Western history tells of Kim Il Sung travelling to Moscow in 1950 to persuade Stalin that his army should invade the South. The North Korean version, unsurprisingly, is somewhat different, focusing on American “provocation,” arguing in its introduction that “the US imperialists are desperate to avoid responsibility for the outbreak of war. As ground for their assertion, they refer to the fact that as soon as the war broke out, the Korean People’s Army rushed forward at a remarkable speed.” In the North Korean version, this progress is referred to as “strategic superiority.”

Much of the book is then dedicated to the context of the war. It particularly focuses on things like the nuclear attacks on Japan that ended the Second World War, and establishing the Korean War as an American ‘loss’ (specifically, as opposed to a South Korean ‘loss’), in that the post-war positions were close to identical to those pre-war.

The cover, in imposing black and red with grainy outlined soldiers, is described inside as “South Korean puppet army men [attacking] on behalf of the US Imperialists”

Key quotes:

“A design of the US Imperialists is to keep its cloven hoof from sight and lay the blame for war on the Republic… get [their government] to spread the rumour that the north is going to invade the south.”

“On October 23, 1950, the US aggressor troops came to the Unryul Mine, ran a wire through the bellies of every ten of over 2,000 workers and their family members in the mine, threw them into the pits and covered them in ore to die there. They also murdered more than 300 inhabitants by cutting their bodies to pieces with a fodder-cutter.”

“The successive ‘orders’ and ‘proclamations’ of the US imperialists were aimed at preventing, with the help of Japanese imperialism, the establishment of an independent government by the Korean people.”

Kim Jong Il – The People’s Leader

Part of a 30-book series exploring the leadership of the second of the Kim dynasty (this is book 2), the colourful charm of the chapter titles (for example ‘Boundless Warm Bosom’, or ‘The Three Revolution Team Has Solved A Big Problem’) hint at the deification of a man about whom the North regularly made outlandish claims. These claims include: that he learnt to walk at three weeks, wrote 1,500 books whilst at university, and could alter the weather with his mind.

The text is rarely quite as outrageous. Instead, it revolves around a common theme: the miraculous results of Kim’s benevolent wisdom, which he offered to locals on his various trips around North Korea.

Key quotes:

“Working with tremendous energy, he [Kim] got through work in one day that would have taken other men ten or thirty days to complete… Kim Jong Il is employing the ‘tactics of shrinking time’ to step up the transformation of the whole of society in line with the Juche idea.”

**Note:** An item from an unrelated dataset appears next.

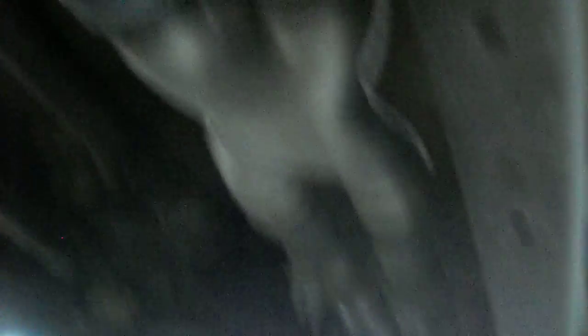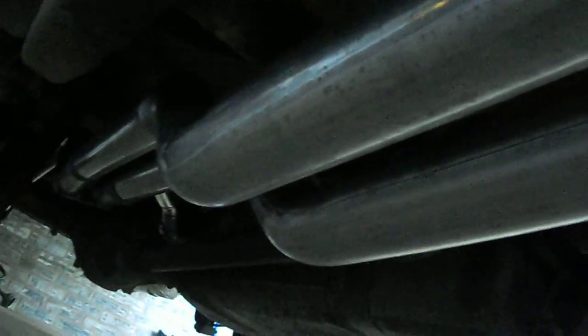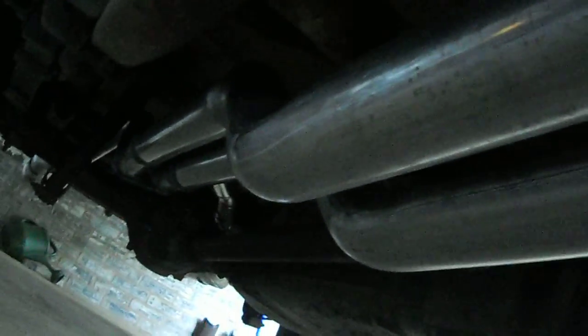I got it from the H-Pipe back. If I can get under there... see it right there guys.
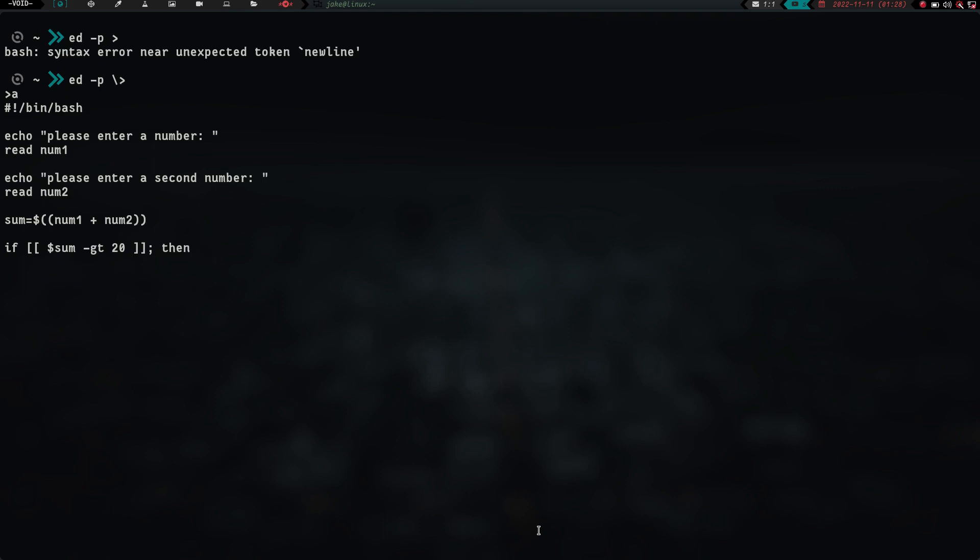I'm assuming I have to use same syntax here by tabs and moving over and stuff like that. I don't know, but I'm just going to go ahead and do it anyway. We're going to echo, that is a large number. And then we're going to else, tab, echo, that is a small number. And then fi.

“All present were struck with admiration for the high aims of Kim Jong Il, who wanted to imbue not only the present generation but also all future generations with the monolithic ideology of the party.”

“Kim Jong Il propounded the principle of creating a new kind of opera which none of the many scholars of art and literature had ever conceived in their lifelong work. And so he made a notable contribution to the development of human culture.”

The author would like to clarify that he is not seeking to support the views of North Korea, a country which of often accused of crimes against humanity that include torture, maintaining prison camps and slave labour.